* Exercise details:
Could you write out the opening lines of the data, word for word, stopping after the line that contains "Hyundai Tucson из Кореи Encar"?

Records from a dataset

========================================================================

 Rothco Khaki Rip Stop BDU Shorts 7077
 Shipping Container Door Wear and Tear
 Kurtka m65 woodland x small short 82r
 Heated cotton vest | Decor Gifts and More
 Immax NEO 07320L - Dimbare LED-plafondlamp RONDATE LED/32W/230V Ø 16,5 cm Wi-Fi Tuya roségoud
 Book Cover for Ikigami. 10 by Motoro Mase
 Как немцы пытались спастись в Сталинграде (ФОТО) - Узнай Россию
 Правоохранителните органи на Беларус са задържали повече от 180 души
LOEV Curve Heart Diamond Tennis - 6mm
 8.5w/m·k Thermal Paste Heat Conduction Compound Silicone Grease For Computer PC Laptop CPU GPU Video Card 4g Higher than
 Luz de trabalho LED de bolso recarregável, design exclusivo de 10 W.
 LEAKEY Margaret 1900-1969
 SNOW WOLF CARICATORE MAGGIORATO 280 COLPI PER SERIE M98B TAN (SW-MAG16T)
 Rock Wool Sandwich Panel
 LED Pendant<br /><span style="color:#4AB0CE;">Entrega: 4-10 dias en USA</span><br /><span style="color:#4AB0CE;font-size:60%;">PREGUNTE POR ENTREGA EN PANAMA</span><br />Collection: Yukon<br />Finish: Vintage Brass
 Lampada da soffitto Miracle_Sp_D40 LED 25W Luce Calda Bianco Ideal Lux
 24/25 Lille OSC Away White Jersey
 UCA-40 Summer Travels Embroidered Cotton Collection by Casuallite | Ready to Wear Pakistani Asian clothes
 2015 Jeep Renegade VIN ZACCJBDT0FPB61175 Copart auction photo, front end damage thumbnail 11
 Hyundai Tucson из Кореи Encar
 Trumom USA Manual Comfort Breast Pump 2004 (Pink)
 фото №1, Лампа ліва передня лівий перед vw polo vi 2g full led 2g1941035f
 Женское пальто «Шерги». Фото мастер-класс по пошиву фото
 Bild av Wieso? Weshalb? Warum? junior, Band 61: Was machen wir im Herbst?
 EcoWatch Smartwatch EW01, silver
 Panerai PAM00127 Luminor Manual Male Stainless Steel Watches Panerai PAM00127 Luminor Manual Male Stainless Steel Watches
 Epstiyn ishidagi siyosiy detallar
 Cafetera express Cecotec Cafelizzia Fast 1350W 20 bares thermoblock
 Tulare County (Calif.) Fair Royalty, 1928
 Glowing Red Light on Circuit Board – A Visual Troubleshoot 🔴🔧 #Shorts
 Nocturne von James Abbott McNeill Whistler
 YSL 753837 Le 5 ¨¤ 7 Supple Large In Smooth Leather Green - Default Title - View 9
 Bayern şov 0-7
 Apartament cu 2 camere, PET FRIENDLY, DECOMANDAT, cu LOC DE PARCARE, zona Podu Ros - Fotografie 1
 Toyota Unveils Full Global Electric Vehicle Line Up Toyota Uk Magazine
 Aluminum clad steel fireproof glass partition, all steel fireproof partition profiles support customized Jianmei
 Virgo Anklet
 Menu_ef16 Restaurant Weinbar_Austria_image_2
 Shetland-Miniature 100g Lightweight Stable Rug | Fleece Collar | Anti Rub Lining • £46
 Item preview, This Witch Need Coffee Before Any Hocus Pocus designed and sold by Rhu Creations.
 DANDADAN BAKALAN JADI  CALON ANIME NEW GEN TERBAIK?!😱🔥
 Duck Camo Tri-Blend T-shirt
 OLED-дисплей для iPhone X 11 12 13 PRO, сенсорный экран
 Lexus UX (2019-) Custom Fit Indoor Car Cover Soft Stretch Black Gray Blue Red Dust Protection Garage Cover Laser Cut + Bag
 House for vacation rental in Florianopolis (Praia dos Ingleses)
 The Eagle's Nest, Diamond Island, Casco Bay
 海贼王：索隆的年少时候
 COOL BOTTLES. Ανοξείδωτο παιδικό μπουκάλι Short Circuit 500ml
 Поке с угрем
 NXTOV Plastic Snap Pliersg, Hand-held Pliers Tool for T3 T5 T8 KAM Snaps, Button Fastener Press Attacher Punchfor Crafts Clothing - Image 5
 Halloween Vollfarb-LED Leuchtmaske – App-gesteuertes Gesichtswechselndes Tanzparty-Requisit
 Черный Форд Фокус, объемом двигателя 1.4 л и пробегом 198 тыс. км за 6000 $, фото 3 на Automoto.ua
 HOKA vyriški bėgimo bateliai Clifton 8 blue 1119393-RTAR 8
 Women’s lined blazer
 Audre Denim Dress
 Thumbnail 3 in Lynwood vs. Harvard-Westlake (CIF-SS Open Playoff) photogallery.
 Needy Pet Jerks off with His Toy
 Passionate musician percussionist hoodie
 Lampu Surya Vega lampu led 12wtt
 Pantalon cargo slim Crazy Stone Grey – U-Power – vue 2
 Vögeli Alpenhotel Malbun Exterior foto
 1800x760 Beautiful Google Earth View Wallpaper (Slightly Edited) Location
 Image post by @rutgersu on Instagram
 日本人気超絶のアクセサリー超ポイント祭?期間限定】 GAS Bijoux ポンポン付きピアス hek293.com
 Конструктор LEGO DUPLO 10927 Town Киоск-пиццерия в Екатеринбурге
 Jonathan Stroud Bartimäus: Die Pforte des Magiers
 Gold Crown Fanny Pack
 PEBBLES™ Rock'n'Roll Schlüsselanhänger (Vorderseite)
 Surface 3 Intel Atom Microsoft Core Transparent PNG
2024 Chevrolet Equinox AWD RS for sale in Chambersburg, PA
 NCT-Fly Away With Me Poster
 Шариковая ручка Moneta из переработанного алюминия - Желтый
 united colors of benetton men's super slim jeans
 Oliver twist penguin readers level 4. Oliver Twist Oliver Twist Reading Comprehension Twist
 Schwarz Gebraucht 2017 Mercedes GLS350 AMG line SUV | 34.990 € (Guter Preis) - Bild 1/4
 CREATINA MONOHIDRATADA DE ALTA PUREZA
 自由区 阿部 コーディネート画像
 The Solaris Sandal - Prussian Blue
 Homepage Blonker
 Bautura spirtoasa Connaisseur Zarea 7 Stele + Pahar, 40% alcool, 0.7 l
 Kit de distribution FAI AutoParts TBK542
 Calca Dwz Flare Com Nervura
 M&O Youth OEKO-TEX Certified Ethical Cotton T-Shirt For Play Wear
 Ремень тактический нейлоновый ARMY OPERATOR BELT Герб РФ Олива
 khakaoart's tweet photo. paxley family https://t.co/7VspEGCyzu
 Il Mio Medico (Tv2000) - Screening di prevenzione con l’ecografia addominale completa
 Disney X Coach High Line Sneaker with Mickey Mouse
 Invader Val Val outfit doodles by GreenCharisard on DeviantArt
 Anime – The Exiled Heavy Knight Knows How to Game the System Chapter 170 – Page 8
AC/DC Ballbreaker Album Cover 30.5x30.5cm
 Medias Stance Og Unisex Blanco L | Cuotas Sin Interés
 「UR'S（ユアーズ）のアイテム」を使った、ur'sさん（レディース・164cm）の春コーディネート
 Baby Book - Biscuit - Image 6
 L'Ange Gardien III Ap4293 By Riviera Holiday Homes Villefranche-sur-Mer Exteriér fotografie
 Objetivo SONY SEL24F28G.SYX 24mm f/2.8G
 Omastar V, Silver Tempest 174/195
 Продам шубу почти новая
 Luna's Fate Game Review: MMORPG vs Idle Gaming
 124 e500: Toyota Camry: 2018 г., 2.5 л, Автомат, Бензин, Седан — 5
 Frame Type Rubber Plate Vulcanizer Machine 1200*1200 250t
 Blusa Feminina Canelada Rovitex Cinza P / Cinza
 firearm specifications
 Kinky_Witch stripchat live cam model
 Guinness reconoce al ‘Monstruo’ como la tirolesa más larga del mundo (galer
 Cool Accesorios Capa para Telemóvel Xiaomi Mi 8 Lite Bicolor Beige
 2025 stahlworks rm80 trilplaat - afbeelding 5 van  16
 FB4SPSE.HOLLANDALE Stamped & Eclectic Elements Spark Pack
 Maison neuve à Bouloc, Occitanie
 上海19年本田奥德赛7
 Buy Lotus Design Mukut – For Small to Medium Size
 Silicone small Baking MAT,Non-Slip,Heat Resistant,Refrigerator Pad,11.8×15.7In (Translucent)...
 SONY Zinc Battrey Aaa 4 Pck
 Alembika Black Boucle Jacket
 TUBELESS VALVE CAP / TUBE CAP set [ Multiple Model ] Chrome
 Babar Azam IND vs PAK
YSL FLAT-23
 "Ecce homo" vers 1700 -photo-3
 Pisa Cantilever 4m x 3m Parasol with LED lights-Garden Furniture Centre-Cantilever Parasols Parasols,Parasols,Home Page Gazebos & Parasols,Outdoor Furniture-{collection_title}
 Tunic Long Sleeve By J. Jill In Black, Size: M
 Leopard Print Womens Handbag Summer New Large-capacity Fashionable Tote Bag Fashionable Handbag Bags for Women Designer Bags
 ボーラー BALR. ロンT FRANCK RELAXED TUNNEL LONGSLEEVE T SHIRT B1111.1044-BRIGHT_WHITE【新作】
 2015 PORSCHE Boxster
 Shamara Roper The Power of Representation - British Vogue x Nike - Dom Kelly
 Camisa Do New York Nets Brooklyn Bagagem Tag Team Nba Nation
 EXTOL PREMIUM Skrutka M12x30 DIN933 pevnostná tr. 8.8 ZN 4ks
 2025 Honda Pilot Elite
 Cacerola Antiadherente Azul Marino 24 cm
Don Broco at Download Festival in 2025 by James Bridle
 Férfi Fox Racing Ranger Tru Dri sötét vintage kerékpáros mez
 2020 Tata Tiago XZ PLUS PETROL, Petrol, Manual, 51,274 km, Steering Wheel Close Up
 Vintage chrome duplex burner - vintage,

========================================================================

* Result:
 Rothco Khaki Rip Stop BDU Shorts 7077
 Shipping Container Door Wear and Tear
 Kurtka m65 woodland x small short 82r
 Heated cotton vest | Decor Gifts and More
 Immax NEO 07320L - Dimbare LED-plafondlamp RONDATE LED/32W/230V Ø 16,5 cm Wi-Fi Tuya roségoud
 Book Cover for Ikigami. 10 by Motoro Mase
 Как немцы пытались спастись в Сталинграде (ФОТО) - Узнай Россию
 Правоохранителните органи на Беларус са задържали повече от 180 души
LOEV Curve Heart Diamond Tennis - 6mm
 8.5w/m·k Thermal Paste Heat Conduction Compound Silicone Grease For Computer PC Laptop CPU GPU Video Card 4g Higher than
 Luz de trabalho LED de bolso recarregável, design exclusivo de 10 W.
 LEAKEY Margaret 1900-1969
 SNOW WOLF CARICATORE MAGGIORATO 280 COLPI PER SERIE M98B TAN (SW-MAG16T)
 Rock Wool Sandwich Panel
 LED Pendant<br /><span style="color:#4AB0CE;">Entrega: 4-10 dias en USA</span><br /><span style="color:#4AB0CE;font-size:60%;">PREGUNTE POR ENTREGA EN PANAMA</span><br />Collection: Yukon<br />Finish: Vintage Brass
 Lampada da soffitto Miracle_Sp_D40 LED 25W Luce Calda Bianco Ideal Lux
 24/25 Lille OSC Away White Jersey
 UCA-40 Summer Travels Embroidered Cotton Collection by Casuallite | Ready to Wear Pakistani Asian clothes
 2015 Jeep Renegade VIN ZACCJBDT0FPB61175 Copart auction photo, front end damage thumbnail 11
 Hyundai Tucson из Кореи Encar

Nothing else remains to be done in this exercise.